Duke of Wellington's Regiment - Formation and Name

Formation and Name

The Duke of Wellington's Regiment was originally formed in 1702 as Huntingdon's Regiment. As regiments at that time took the name of the Colonel taking it over it became:- Henry Leigh's Regiment; then Robert Duncansons Regiment and George Wade's Regiment. It was disbanded on 25 March 1714, but was officially registered as the 33rd Regiment of Foot in January 1715 and re-raised on 25 March 1715, as George Wade's Regiment; then Henry Hawley's Regiment; Robert Dalzell's Regiment and John Johnson Regiment. The regiment served in Austria, France, The Netherlands, Portugal, Spain, America, Canada, Germany and India and the Indian Ocean islands as part of a Royal Navy Raiding Squadron and the Crimean War.

Owing to its links with the Duke of Wellington, the title 'The Duke of Wellington's Regiment' was granted to the 33rd Regiment on 18 June 1853, on the anniversary of the Battle of Waterloo in the year following Wellington's death. Subsequently, the regiment was presented with a new stand of Regulation Colours, on 28 February 1854, emblazoned with its new distinctions of the name of the Duke of Wellington, his crest and motto, by the then Colonel of the Regiment, Lieutenant General Sir Henry D'Oyley. The regiment departed for the Crimea the following day.
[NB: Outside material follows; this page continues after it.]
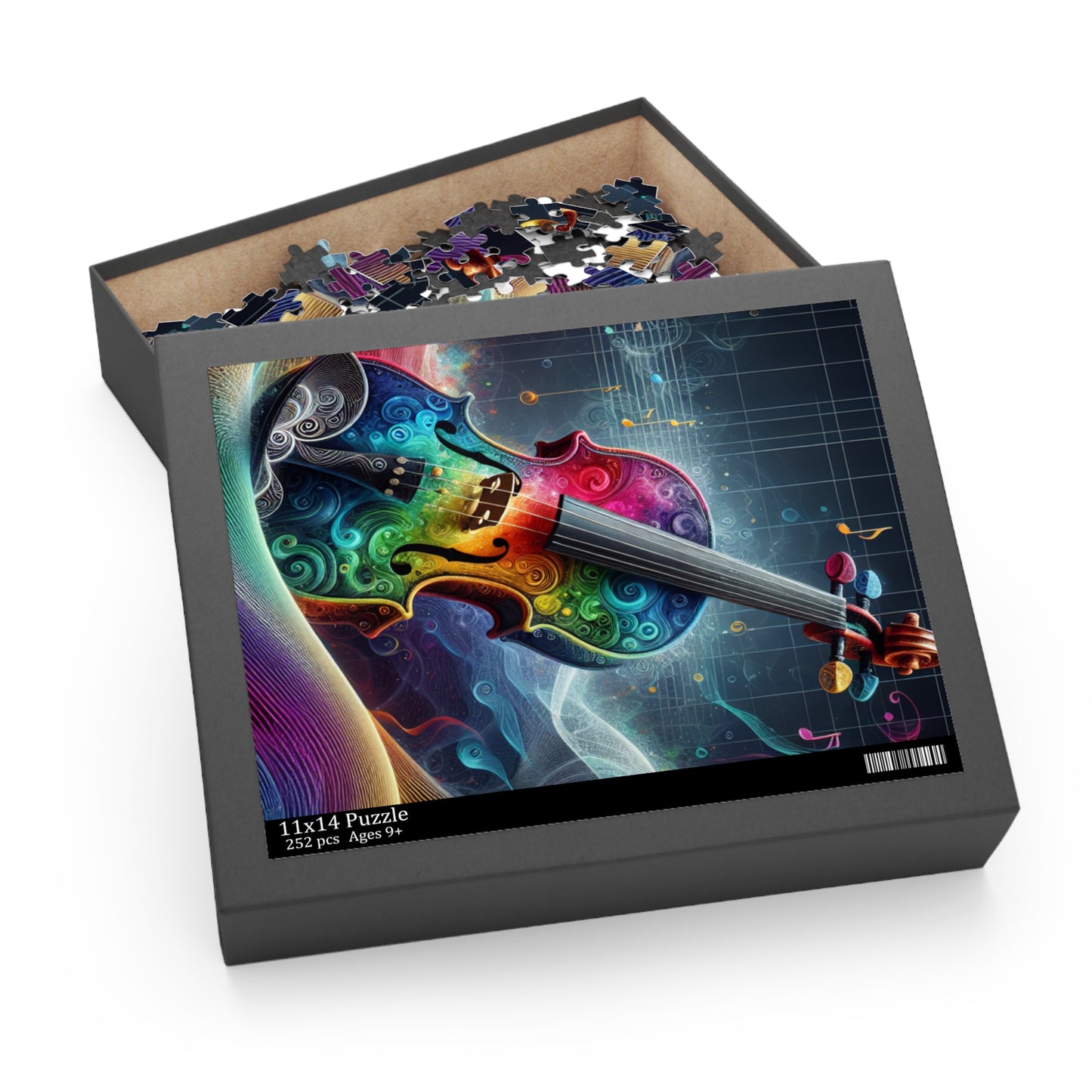 Colorful Violin Puzzle - 120, 252, 500-Piece Jigsaw, Music Lover Gift, Art Decor, Relaxation Activity, Family Game Night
The 76th Regiment was originally raised, by Simon Harcourt as Lord Harcourts Regiment on 17 November 1745 and disbanded in June 1746. Following the loss of Minorca, to the French, it was reraised in November 1756 as the 61st Regiment, but renumbered to 76th, by General Order in 1758, and again disbanded in 1763. A second battalion raised by that regiment in October 1758, for service in Africa, was renumbered as the 86th Regiment and also disbanded in 1763. On 25 December 1777, the 76th was again re-raised, as the 76th Regiment of Foot (Macdonald's Highlanders), by Colonel John MacDonell of Lochgarry, in the West of Scotland and Western Isles, as a Scottish Light Infantry regiment. It was disbanded at Stirling Castle in March 1784. The regiment was again raised for service in India by the Honorable East India Company in 1787.

In 1881 the 76th Regiment, which shared the same Depot in Halifax as the 33rd, was linked to the 33rd, under the Cardwell Reforms, to become the 2nd Battalion. Although retitled as the Halifax Regiment (Duke of Wellington's) this title only lasted six months until it was changed on 30 June 1881, in a revised appendix to General order 41, to:- The Duke of Wellington's (West Riding Regiment), or 'W Rid R' for short. In January 1921 it was again retitled to The Duke of Wellington's Regiment (West Riding), or 'DWR' for short. On 6 June 2006 The 'Dukes' were amalgamated with the Prince of Wales's Own Regiment of Yorkshire and The Green Howards, all Yorkshire-based regiments in the King's Division, to form the Yorkshire Regiment.